EXERCISE INPUT: Begin
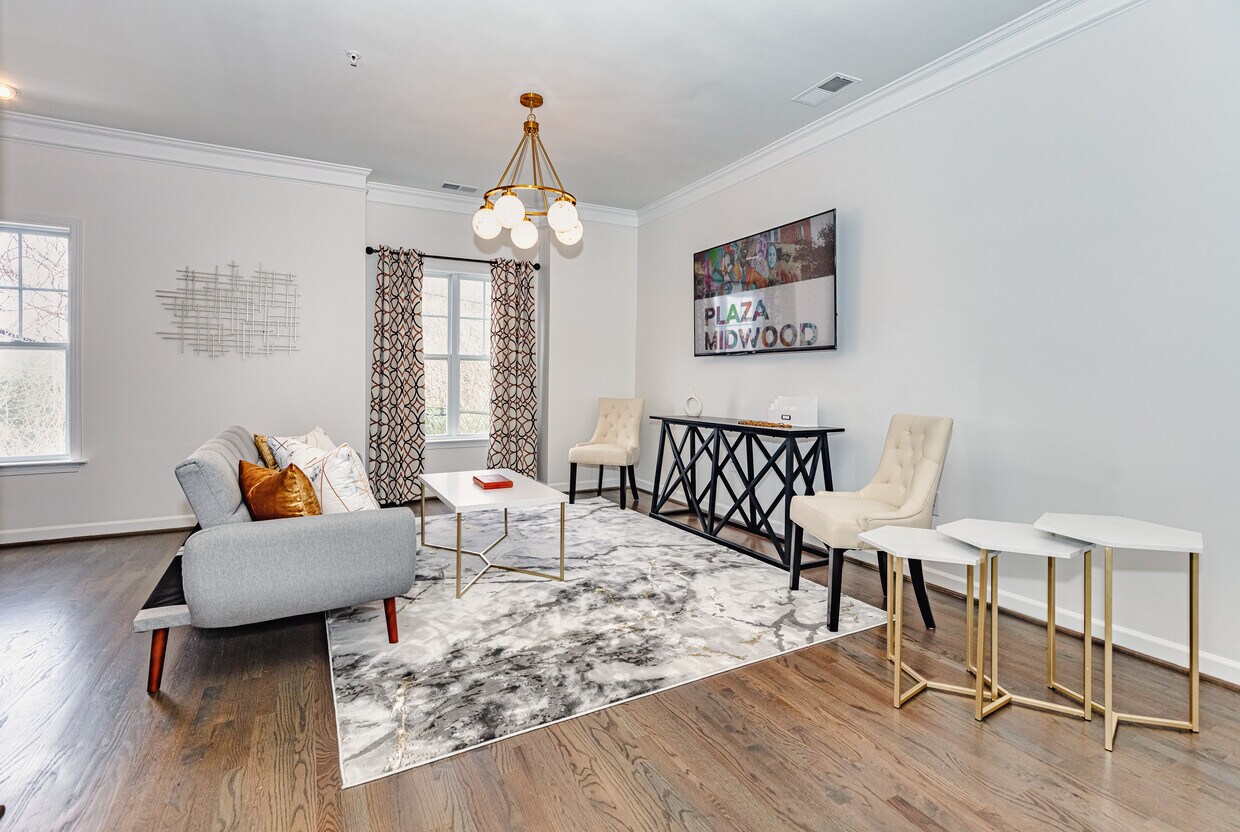 922 Hawthorne Bridge Ct, Charlotte, NC 28204 Townhome Rentals in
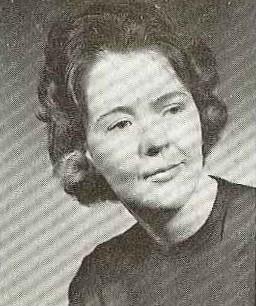 Marjorie L. Kreuter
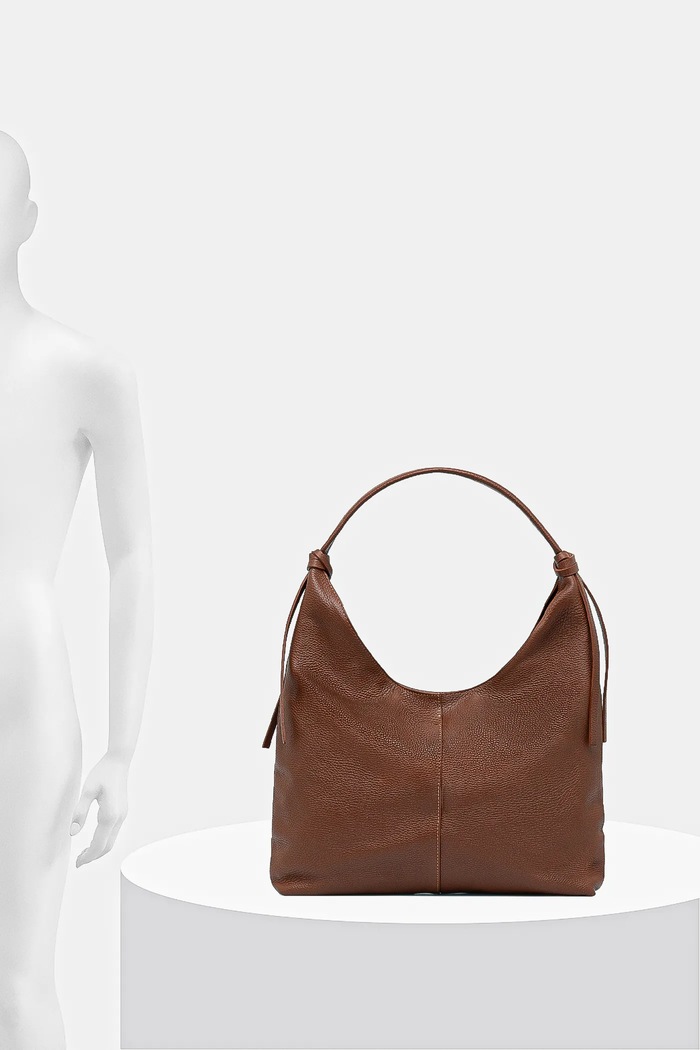 Answear.LAB Answear Lab poseta de piele 1090.iak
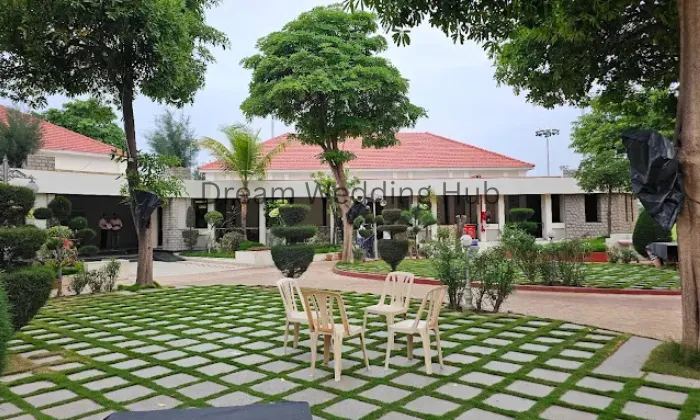 Wedding Venue portfolio by Rangoli Park Hotel in Ahmedabad - Photo 1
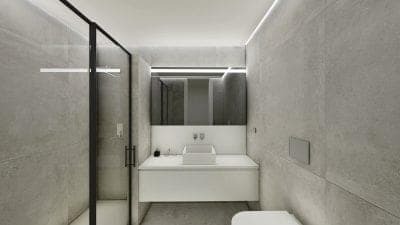 Duplex T2 + 1 com jardim - Imagem 13
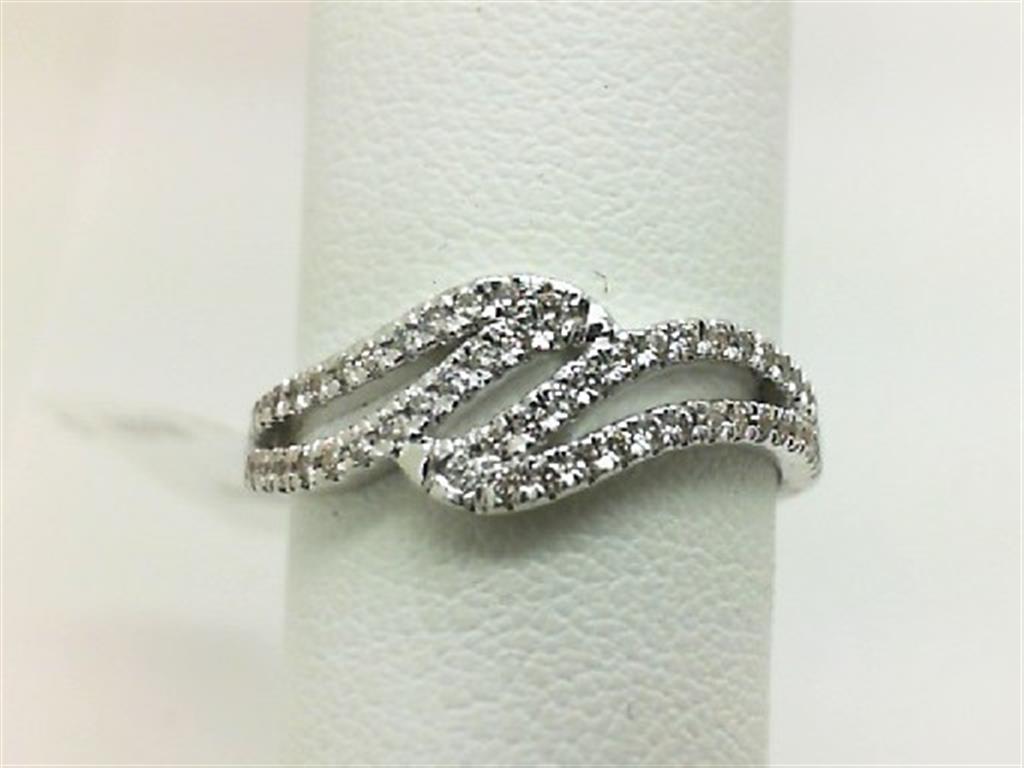 Diamond Fashion Rings - Women'
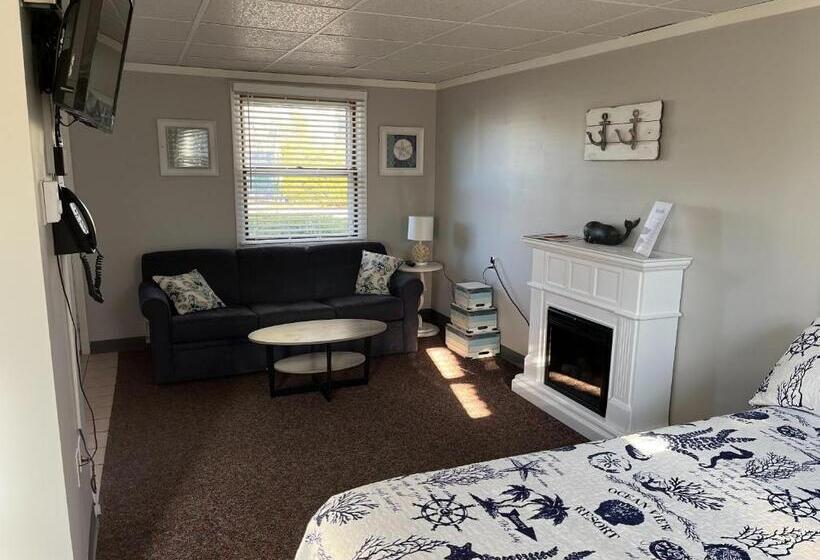 Люкс с гидромассажем, Carbone S Beachside Guest Rooms
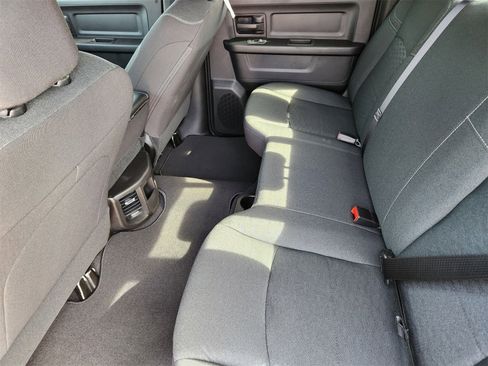 New 2026 RAM 2500 Tradesman image 39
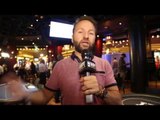 Daniel Negreanu Says Tony Dunst Is 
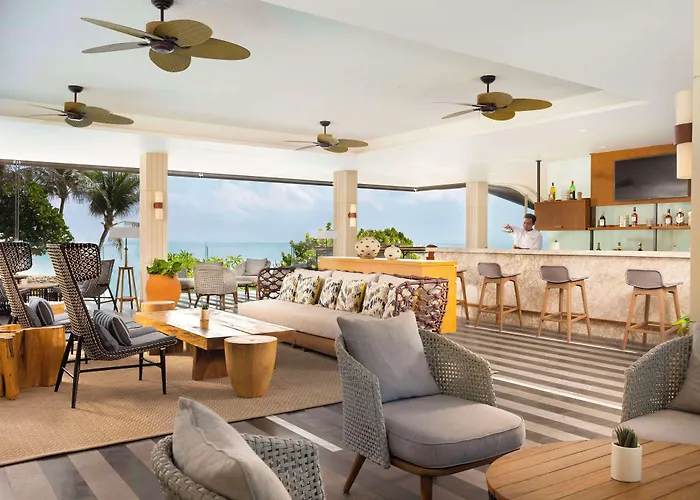 Hilton Bali Курортный комплекс Нуса-Дуа
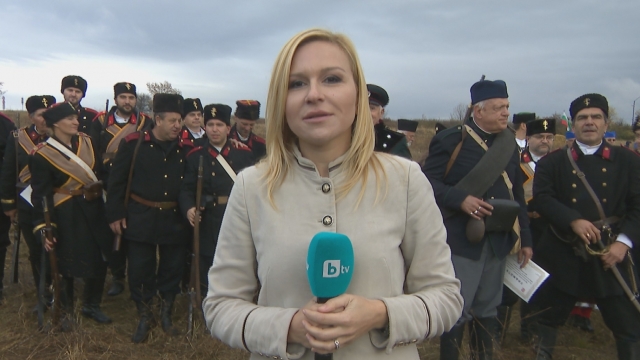 Снимка: 20 години bTV Новините: Габриела Наплатанова и Евгени Генов с онлайн лекция пред студенти в СУ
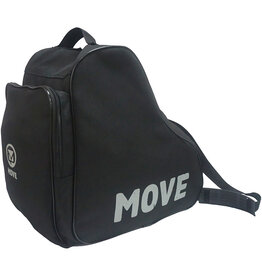 Move Ice Skate Bag Black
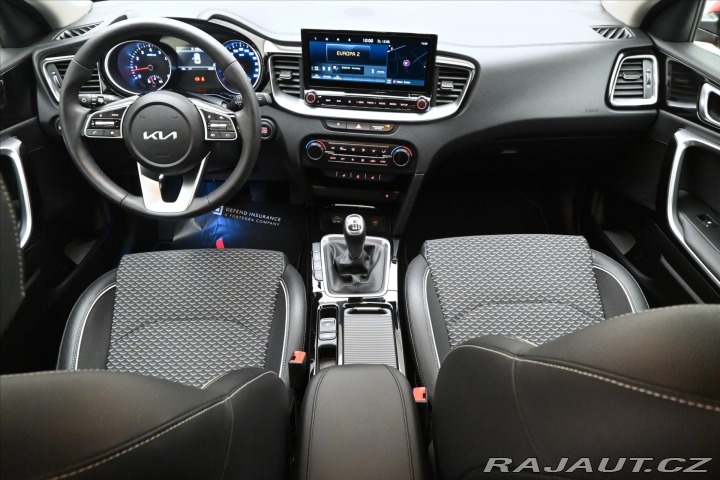 Kia XCeed 1,5 T-GDi 117 kW Exclusiv 2025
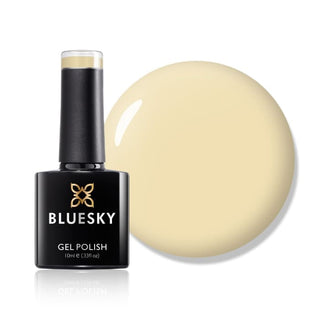 Bluesky Gel Polish - BANANA SPLIT - PN02 - Gel Polish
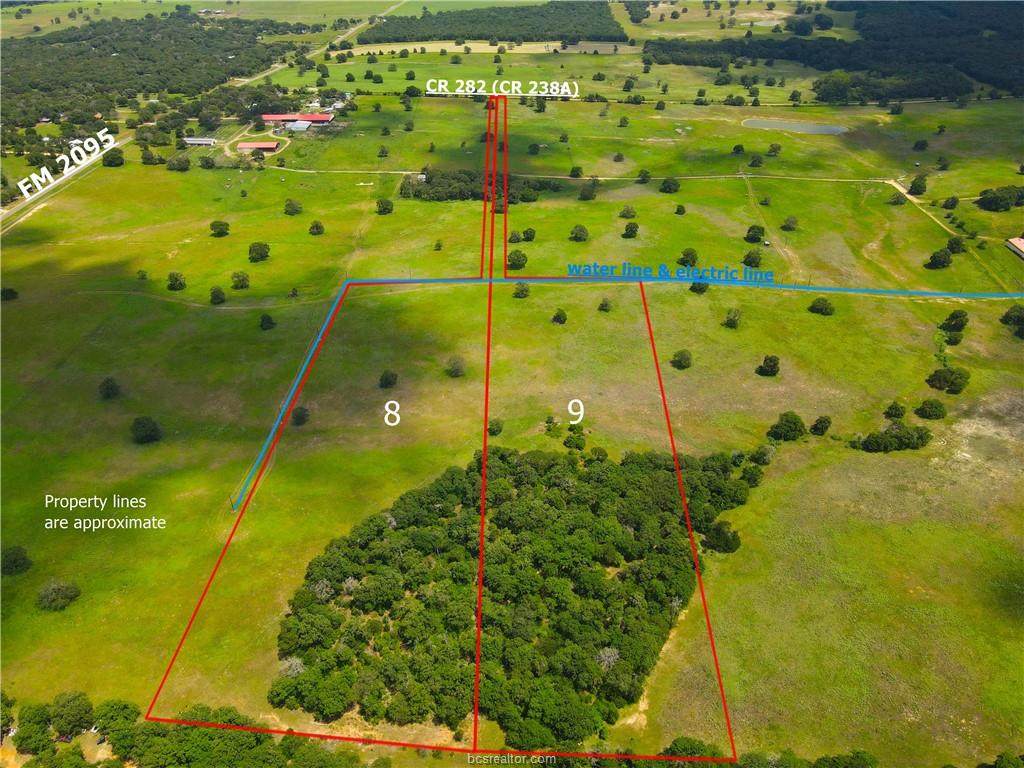 TBD County Road 238A Lot 8 - Photo 1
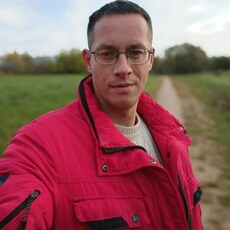 Фотография мужчины Дмитрий, 35 лет из г. Сморгонь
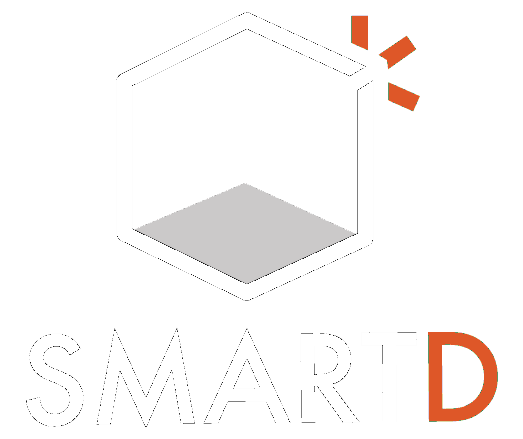 SmartD Consulting Logo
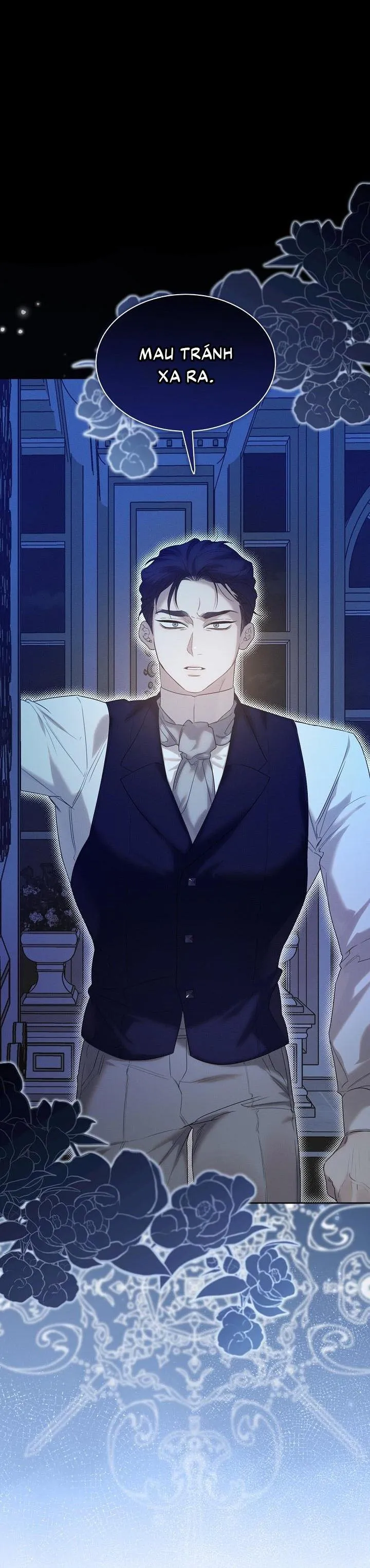 Xin Người Đừng Nhấn Chapter 24 Trang 47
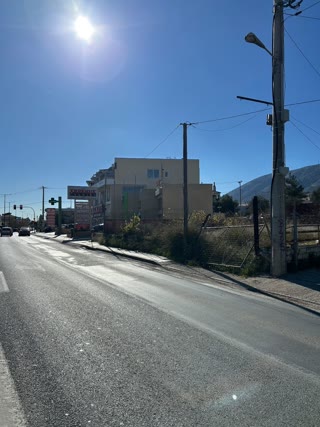 Οικόπεδο 620τ.μ.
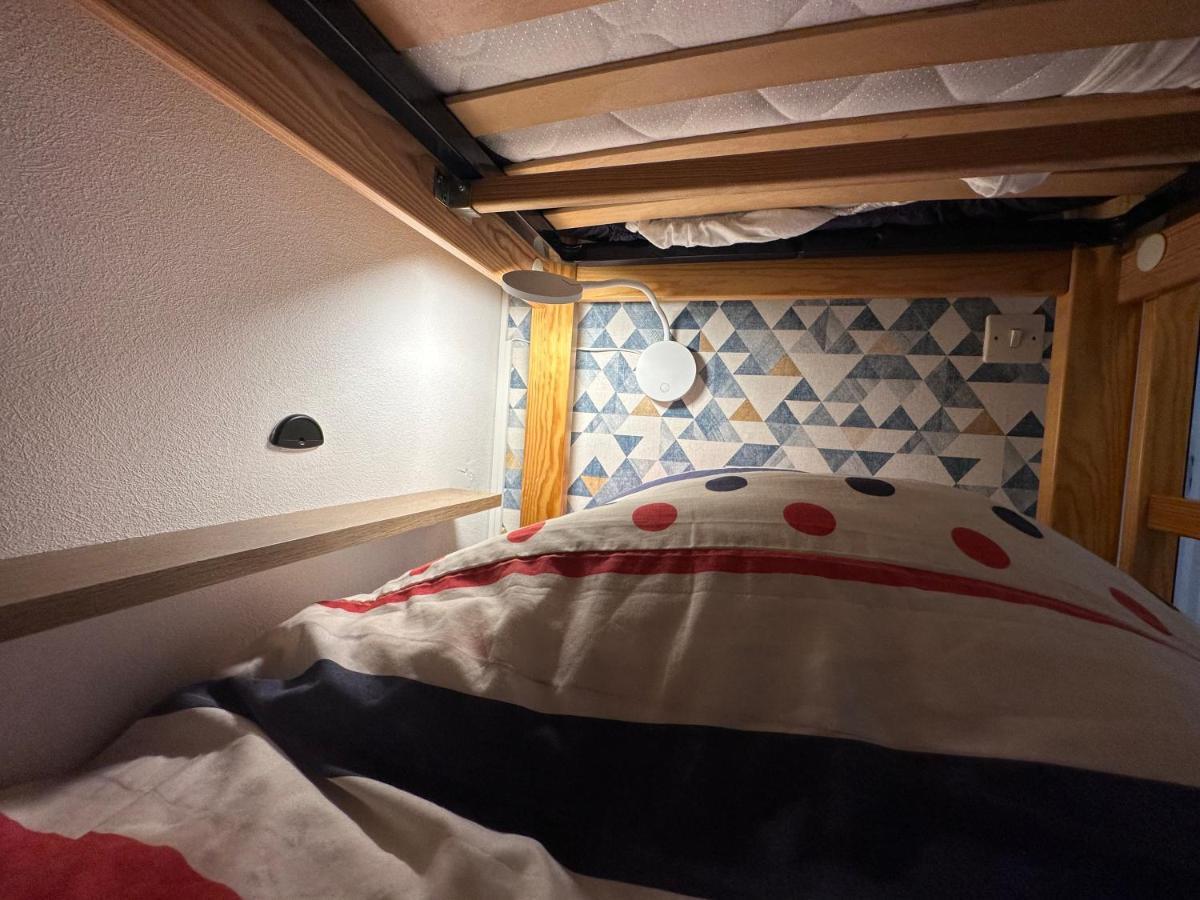 Appartement Stella-Plage Proche Touquet-Paris-Plage Zewnętrze zdjęcie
EXERCISE INPUT: End
[WHAT YOU WILL DO]:
Output exactly the lines above, beginning at the one with "Wedding Venue portfolio" and stopping after the one with "Move Ice Skate Bag Black". Pictures are to be omitted.

[RESPONSE FOR THIS EXERCISE]:
 Wedding Venue portfolio by Rangoli Park Hotel in Ahmedabad - Photo 1
 Duplex T2 + 1 com jardim - Imagem 13
 Diamond Fashion Rings - Women'
 Люкс с гидромассажем, Carbone S Beachside Guest Rooms
 New 2026 RAM 2500 Tradesman image 39
 Daniel Negreanu Says Tony Dunst Is 
 Hilton Bali Курортный комплекс Нуса-Дуа
 Снимка: 20 години bTV Новините: Габриела Наплатанова и Евгени Генов с онлайн лекция пред студенти в СУ
 Move Ice Skate Bag Black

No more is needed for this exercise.